Un libero paese in libera svendita
La ricostruzione multimediale di Pompei ed Ercolano di duemila anni fa, costata poco più di centomila euro, porta i visitatori lungo le strade romane, nelle case con ingresso atrio, camera da letto, cucina , sala da pranzo, salotto e giardino, consente di interagire con i famosi calchi di chi rimase imprigionato dal calore vulcanico e con gli oggetti della loro vita quotidiana. La città sepolta è valorizzata all’estero perché considerata un affare che si vende bene oltre che una meraviglia. È in chiusura una mostra a Monaco di Baviera su ‘Pompeii, Life on the Vulcano’ che ricostruisce gli aspetti della vita quotidiana Pompei ed Ercolano dall’età del bronzo all’eruzione del 79 d. C. con 260 reperti tra sculture, statue, gioielli, mosaici.

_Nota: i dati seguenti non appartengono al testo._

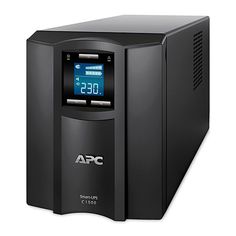 Источник бесперебойного питания APC Smart-UPS SMC1500I A.P.C.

Ma la Soprintendenza ai beni archeologici di Napoli e Pompei ha collaborato anche a organizzare analoghe mostre ospitate a Madrid e a Filadelfia (quest’ultima visitabile fino al 27 aprile 2014 si intitola ‘One day in Pompeii’). Si dirà che con tutta questa attività la nostra Soprintendenza ha incassato royalties e altre ne incasserà in vista di una mostra a settembre ad Amburgo. Ma sarebbe così oltraggioso trarre noi il principale profitto dai tesori di casa anziché esportarli a supporto delle fortune altrui? Non sarebbe ora di realizzare una rete attrattiva di qualità che inglobi oltre a Pompei ed Ercolano il museo archeologico di Napoli, il museo di Baia, le ville di Stabia, i siti ‘minori’ dei Campi Flegrei? È così remota l’idea di attuare marketing territoriale culturale di livello? Come di puntare sulla cultura per rilanciare l’economia nazionale?

I musei americani contribuiscono direttamente ogni anno all'economia nazionale con 21 miliardi di dollari, generando ulteriori introiti indiretti e oltre 400 mila posti di lavoro. È un dato recente che emerge da uno studio dell'American Alliance of Museums. Fantascienza per l’Italia che a dispetto del suo patrimonio non sta al pari complessivamente con i risultati registrati singolarmente da grandi musei come il Louvre o il Metropolitan di New York. Basti pensare che nel 2012 i nostri 424 istituti statali hanno prodotto un introito complessivo lordo di poco più di €113 milioni, grazie soprattutto a Lazio, Campania e Toscana.

Intanto nell’ambito del grande progetto Pompei che dovrebbe essere completato entro dicembre 2015 che prevede la messa in sicurezza del sito archeologico sono stati impiegati appenai 40 dei 105 milioni messi a bilancio con l’apertura di 5 cantieri. Pare che la salvezza però arriverà: non dal cielo ma dal Kuwait. Lo Sceicco Ali Khaled Al-Sabah, da quattro mesi ambasciatore dello stato arabo ha annunciato che è pronto a finanziare la valorizzazione e tutela del parco archeologico campano come Diego Della Valle farà per il Colosseo. E pazienza se magari ciò avverrà in cambio di qualche trivellazione. Siamo un libero paese in svendita, altro che Milo e gli schiavi traci!